Sunday, March 4, 2012

The public relations of linguistics

This is a post that I've been bouncing around for a while. I still don't think I'll be able to get everything down that I want to say, but I need to give it a go or it'll never happen.

Basically, the field of linguistics needs seriously help in the public relations front. And I am certainly no angel when it comes to this....

But, the sad truth is that linguistics are sitting on topics that absolutely fascinate people. When I take the time to REALLY start talking to people about language, I find versions of the same questions that perplex linguistics today. People are generally fascinated by language in all of its aspects.

Yet, in the public eye, most of the discussion is not about language as linguists see it. Rather, the public view is that language is mere communication. That language is nothing that special (i.e., dogs have it too). Or that language is just that hodgepodge of rules and exceptions taught in sixth grade and preached by the mavens slowly slipping to hell in a hand-basket.

This is obviously a problem.

The bigger problem is that it seeps well beyond the public but into institutions of higher learning and scholarly research. Even among the highly educated, basic knowledge of linguistics is uncommon. This hurts the field in too many ways to count (funding, general institutional support, etc.).

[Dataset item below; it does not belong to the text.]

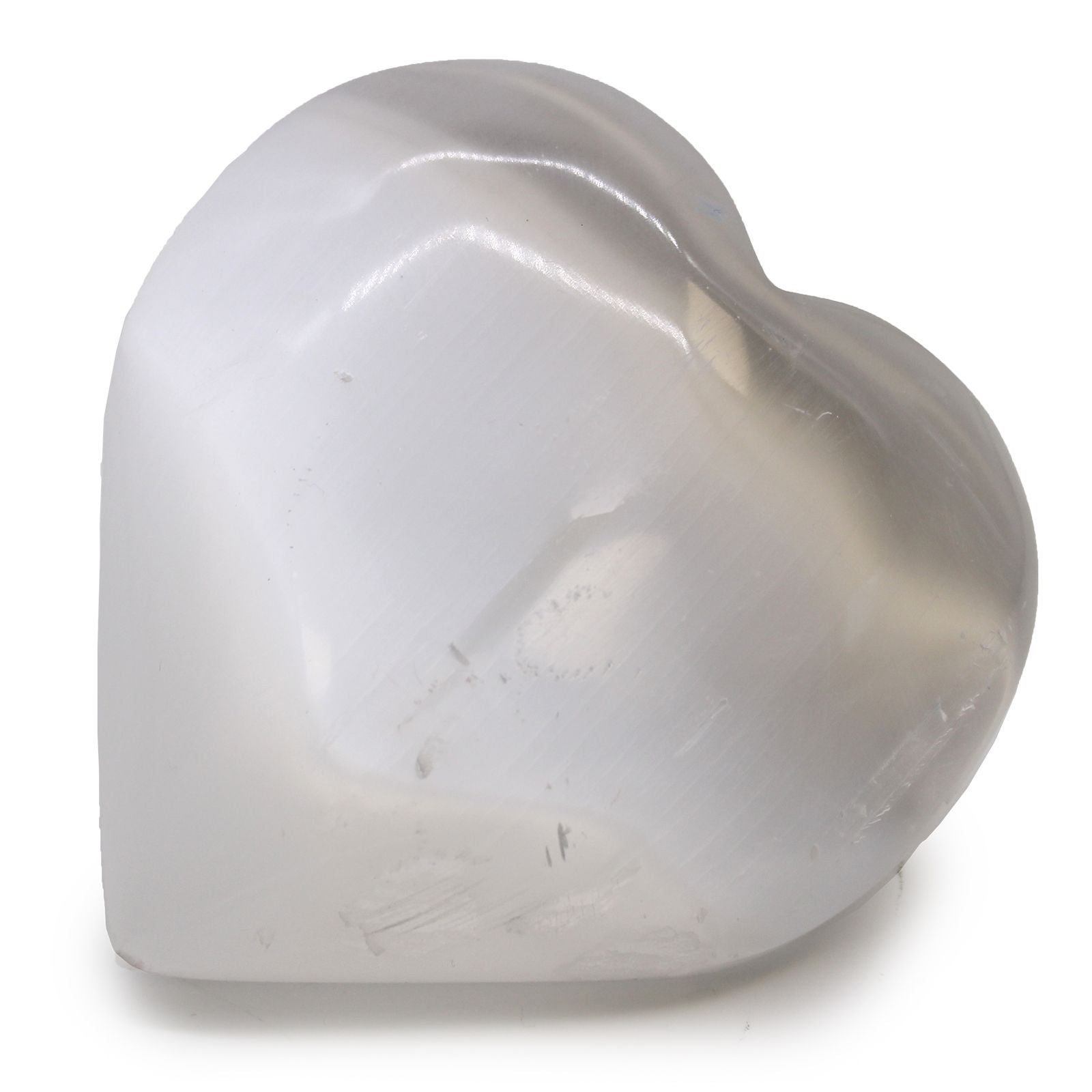 Polished Selenite Heart - 10 cm featuring satin white sheen and fibrous texture - Positive Faith Hope Love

But it doesn't need to be this way. Linguists are sitting on a gold mine, we just need to start mining.

To me, the key is a refocus on undergraduate education (perhaps with some of the wiser, more press-enabled folks working that angle). Linguistics departments need to find ways to make survey courses the types of courses that students want to take and the types of courses that will stick with students. There's obviously a lot there: there is a wealth of potential materials in popular culture that is just waiting to be mined.

Obviously, sci-fi and fantasy languages are an easy place to start. But even there, there little in terms of useful course materials. Heidi Harley's collection of the Simpson's linguistics humor is another underutilized resource (http://heideas.blogspot.com/2009/03/beyond-beyond-beyond-beyond-beyond.html).Among many other options. The key is that we need to be creative.

Such attempts would of course increase the majors. But that's not the ultimate goal necessarily. We don't need to triple the size of the field. Rather, we need the public and the future university administrators looking at linguistics from anywhere but a place of ignorance.